Summary
OCR (Optical Character Recognition) can really come in handy. For example, I previously wrote about how I use Timesnapper as a black box to recover work which would otherwise be lost. Since most of my work is text based (C#, SQL, HTML, documentation, communications, etc.), the obvious next step is to grab the code from a screenshot. Of course I can retype it, but OCR would be better.
There are some great commercial OCR packages out there. My company recently used OmniPage Pro in a project which loaded data from hundreds of PowerPoint slides into SQL Server for reporting and analysis1. OmniPage is great software, but it costs $149 for the basic version, which doesn't really make sense if you're just using it to avoid retyping a little text from a screenshot every now and then.
I looked around for free OCR software, and was a little bit surprised that there wasn't much out there. Here's a rundown of what I found, wrapping up with a program that wasn't technically free, but I already had it. There's a good chance you've got it, too.
GOCR
I first tried out GOCR (a.k.a. JOCR). The easiest way to try it out is the GOCR Win Frontend, which installs GOCR as well. My opinion matched Pitor's:
To let things be clear - gocr is not ready, to say the least. Personally I'd even say the effect of trying to OCR a page is so crappy it is not even worth installing the gocr engine (seems like the total rewrite in 0.40 did not help much). And I am talking about an ascii black text on a white page, without other elements. Gocr seems to go all the way down here - error in 98% of recognized characters, randomly added spaces, etc. For example: content is C unrir in gocr, sounds like drunken elvish to me.
Tesseract OCR
Yeah, there's been some chatter in the blogospheres and internets about Tesseract since Google assisted in re-releasing it as an open source project.

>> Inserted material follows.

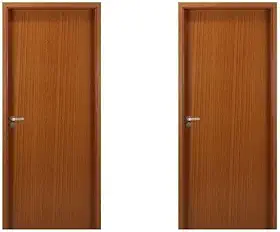 2 Kits Porta de Madeira Lisa 215x74cm com Batente de Mdf Ultra 10cm Melamínica Mogno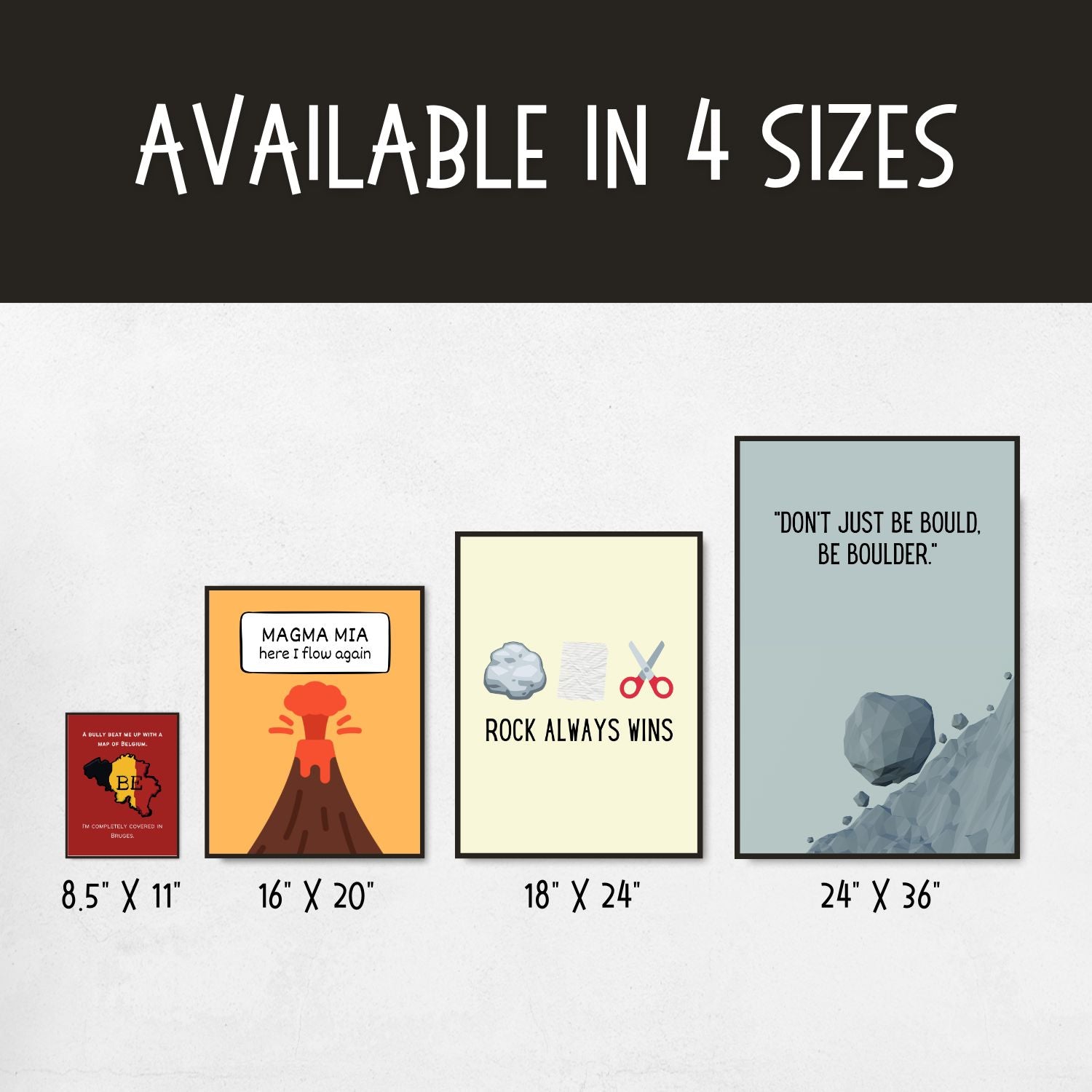 Bundle of funny posters for geography and geology classroom decor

I have no doubts that the press alone (not to mention Google's involvement) will propel Tesseract towards OCR fame and fortune, but it sounds like it's not usable at this point:
It only is configured to build under MSVC++6 for Windows.
It only accepts uncompressed bitonal tiffs.
It's command-line only.
No GUI.
It performed abysmally on the provided testimage.tif
But it did build. :)
Microsoft Office Document Imaging
On accident, I stumbled across Microsoft Office Document Imaging. It's included Microsoft Office Tools ("Microsoft Office \ Microsoft Office Tools" folder in the start menu, default installation location is "C:\Program Files\Common Files\Microsoft Shared\MODI\11.0\"). The interface looks a "My First VB5 Application" reject, but it works great.
It handles scanned documents via TWAIN. The image import's a bit lame - it only handles TIF files. You can convert to TIF in just about any graphics application (e.g. MSPAINT - open the file, Save As TIF file). An easier method is to just copy the image to the clipboard and paste as a new page into MODI.
Here's a quick walkthrough of how I grabbed some text from a PDF2.
Step 1. I selected the text I wanted to OCR with Cropper (output set to Clipboard)
Step 2. I opened Microsoft Office Document Imaging and loaded my image with Page / Paste Page
Step 3. I ran the OCR process by clicking on the "funky eye" toolbar button (or in the Tools menu)
Step 4. Click the Export to Word toolbar button
Step 5. Copy the text and paste it where you want it
In this case, it was an e-mail. I've done the same thing to grab SQL or C# code which I then paste into the editor and compile (Ctrl-F5 for SQL, Ctrl-Shift-B for C#) to catch the things that didn't make it through the OCR cleanly.
I haven't tried it, but apparently you can automate MODI from .NET.
1 Yes, it sounds insane, but it actually worked, and the business value of the data more than justified it.
2 Yes, you can select and copy text in a PDF. This is just an example, but in this case the final result of the OCR'd text was a lot cleaner than the oddly mangled and mis-formatted text I got from the PDF select / copy approach.